Data shown:
[Start of Attachment]

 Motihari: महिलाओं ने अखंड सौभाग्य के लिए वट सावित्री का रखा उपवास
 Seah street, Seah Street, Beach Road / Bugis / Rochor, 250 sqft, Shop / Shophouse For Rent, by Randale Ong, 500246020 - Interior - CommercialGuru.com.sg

[End of Attachment]
[Start of Attachment]

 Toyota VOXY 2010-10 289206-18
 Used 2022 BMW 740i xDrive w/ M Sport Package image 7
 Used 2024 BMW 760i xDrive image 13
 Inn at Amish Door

[End of Attachment]
[Start of Attachment]

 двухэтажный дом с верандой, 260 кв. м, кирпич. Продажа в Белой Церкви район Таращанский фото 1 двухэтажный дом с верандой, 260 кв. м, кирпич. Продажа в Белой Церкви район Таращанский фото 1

[End of Attachment]

Reproduce verbatim the lines above, from the line with "Toyota VOXY 2010-10 289206-18" through the line with "Inn at Amish Door".

 Toyota VOXY 2010-10 289206-18
 Used 2022 BMW 740i xDrive w/ M Sport Package image 7
 Used 2024 BMW 760i xDrive image 13
 Inn at Amish Door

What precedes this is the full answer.